Carlin’s industry career began outside the Post Office as a lobbyist, helping to shape the Postal Reorganization Act that transformed the Post Office into the U.S. Postal Service. He worked as an executive in the USPS for 17 years, culminating in being named the 66th Postmaster General in 1985 after PMG Bolger retired.
But his reign as PMG would last only a year, as he fought with certain members of the Board of Governors when it came time to award an equipment contract — most notably USPS Board Governor Peter Voss.
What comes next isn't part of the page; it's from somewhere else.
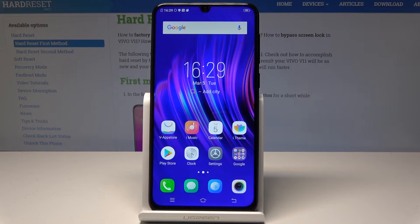Here I have the Vivo V11. Let me show you how to use the engineer mode on this device.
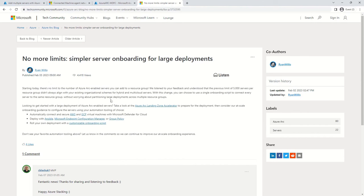For RBAC roles, you can go to any subscription, click on Access Control (IAM), click Roles, and type 'arc' to see the complete list of every role that exists for Azure Arc.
Voss would later plead guilty to accepting illegal payments from a lobbyist retained by REI, maker of optical scanners.
Writing on his year as PMG, MAIL Magazine reported: “His term was too short to have any lasting impact, but he showed real guts in not bending to the political whims of the Board of Governors.”
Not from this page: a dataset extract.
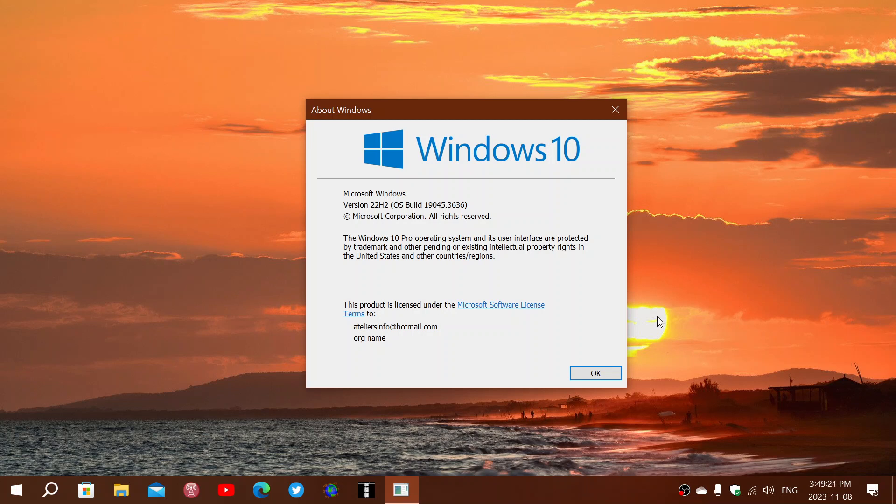But at some point they will announce, hey, there's an extension. How long? That's anybody's guess. But that is good news for now for anybody on Windows 10. Cross your fingers, guys.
Carlin was highly regarded throughout Washington, DC and was awarded the Benjamin Franklin Award for his leadership in helping craft the Postal Reorganization Act.
After leaving the USPS, he embarked on several commercial ventures based on the “distribute-then-print” mail revolution. His company MAIL2000 was sold to UPS early in the new century.
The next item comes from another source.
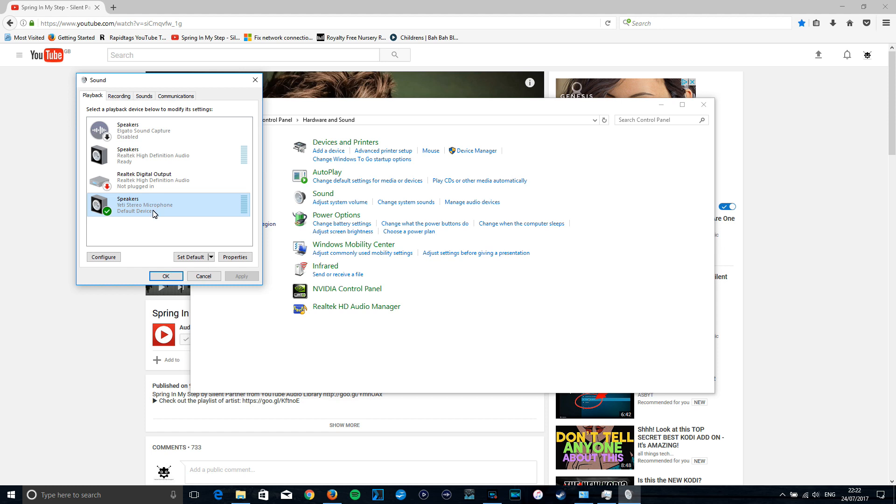So if you're not getting any noise when you play back, this is probably why. You'll find that Speakers Yeti Stereo Microphone is selected as your default device. That is no good.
Speaking at MAILCOM ’99, Carlin saw the growing trend of Ecommerce and its threat to letter mail, but he dispelled the theory that the internet would turn the mailbox into a historical display at the Smithsonian.
Carlin predicted that success in the electronic age formed by the melding of paper and electronics would require dramatic change.
“If your business is going to survive, let alone thrive, in our brave new technology world — you must be willing to take risks. You must be willing to embrace new technologies and venture into the unknown — and perhaps the unthinkable,” he said at MAILCOM ’99.
“You must be willing to enable technology to cannibalize your business, so that you can renew it, recreate it, and grow it,” he said. “Because if you don’t, your competitors — or a competitor not even on your current radar screen — will eat you alive.”
Former Postmaster General William Henderson, commenting on the legacy guestbook, writes: “I worked for Paul in the USPS and we continued that friendship into private life. He was an exceptional man of many interests and my deepest condolences to his family.”